++++ Exercise inputs ++++

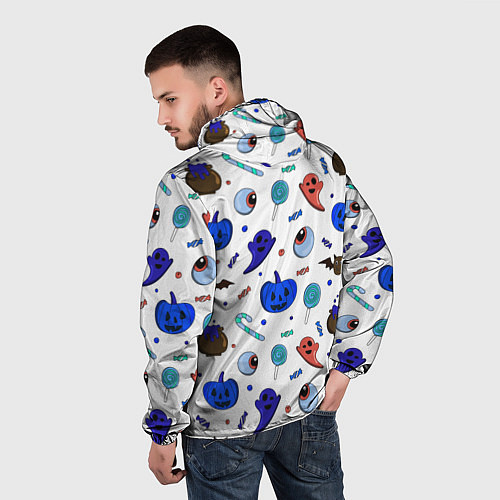 Мужская ветровка Halloween white / 3D-Белый – фото 4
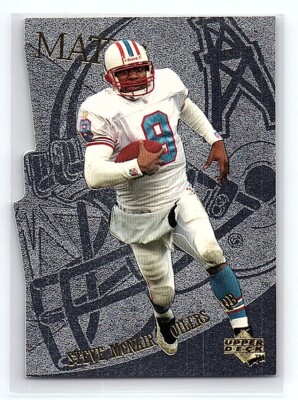 1997 Upper Deck Teammates Steve McNair Houston Oilers #TM24 Die-Cut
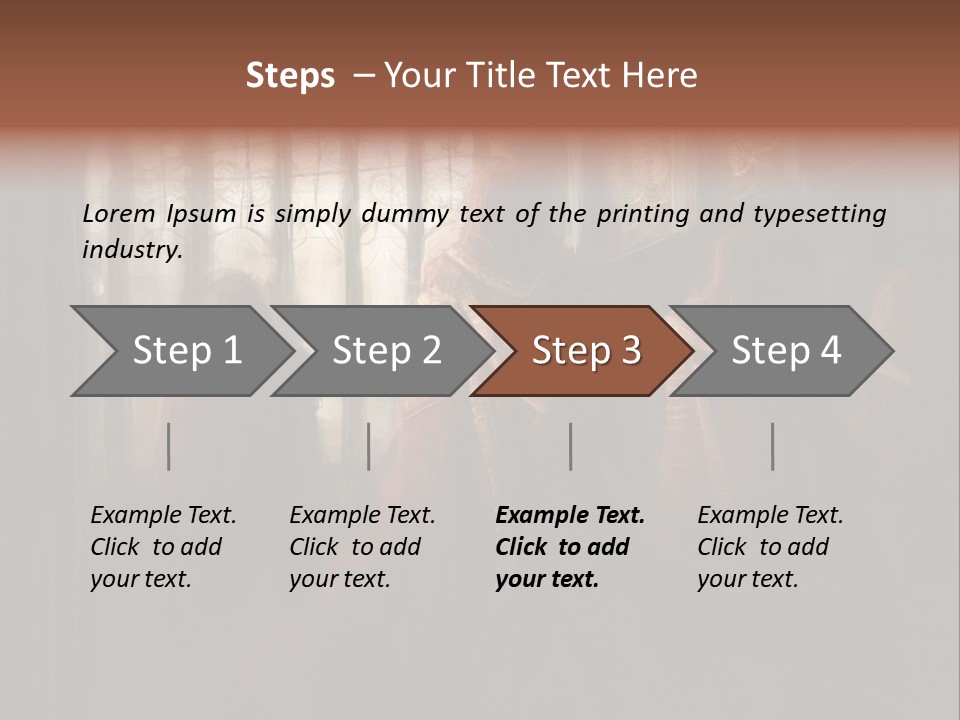 Templar Christianity Building PowerPoint Template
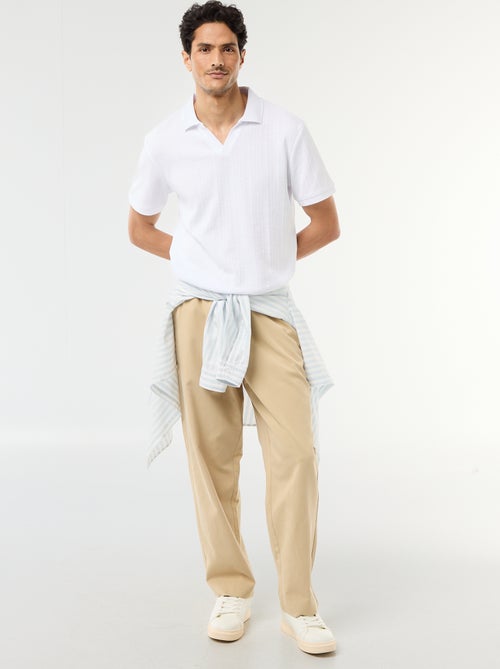 Polo a maniche corte in tessuto a nido d'ape - Kiabi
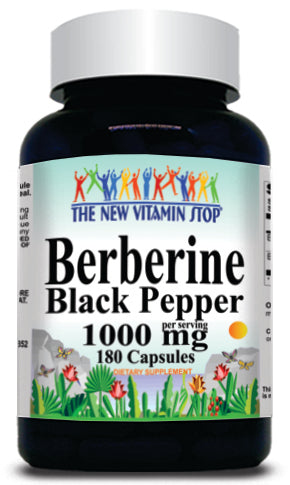 BUY 1 GET 2 FREE Berberine Black Pepper 1000mg 180caps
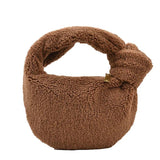 Winter Teddy Curl Plush Soft Faux Fur Tote Bag Handbag Shoulder Bolsos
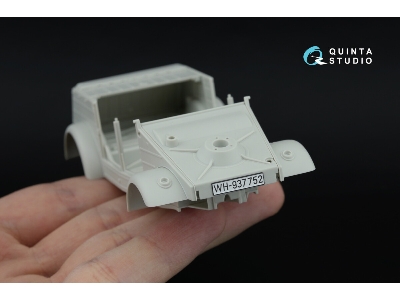 Kubelwagen Type 82 - 3d-printed & Coloured Interior On Decal Paper (For Meng Vs-015 Kit / Small Version) - zdjęcie 7
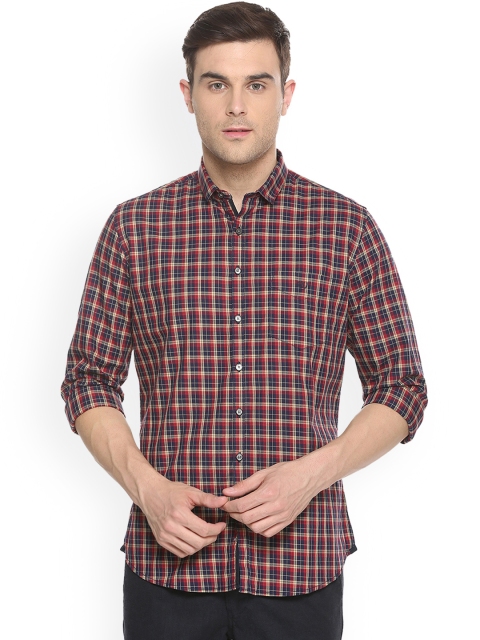

Van Heusen Sport Men Blue & Red Slim Fit Checked Casual Shirt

++++

*What is expected:*
Once the pictures are set aside, what is needed is the lines from the line with "Polo a maniche" through the end of the data, written out exactly and alone.

*Your solution:*
 Polo a maniche corte in tessuto a nido d'ape - Kiabi
 BUY 1 GET 2 FREE Berberine Black Pepper 1000mg 180caps
 Winter Teddy Curl Plush Soft Faux Fur Tote Bag Handbag Shoulder Bolsos
 Kubelwagen Type 82 - 3d-printed & Coloured Interior On Decal Paper (For Meng Vs-015 Kit / Small Version) - zdjęcie 7

Van Heusen Sport Men Blue & Red Slim Fit Checked Casual Shirt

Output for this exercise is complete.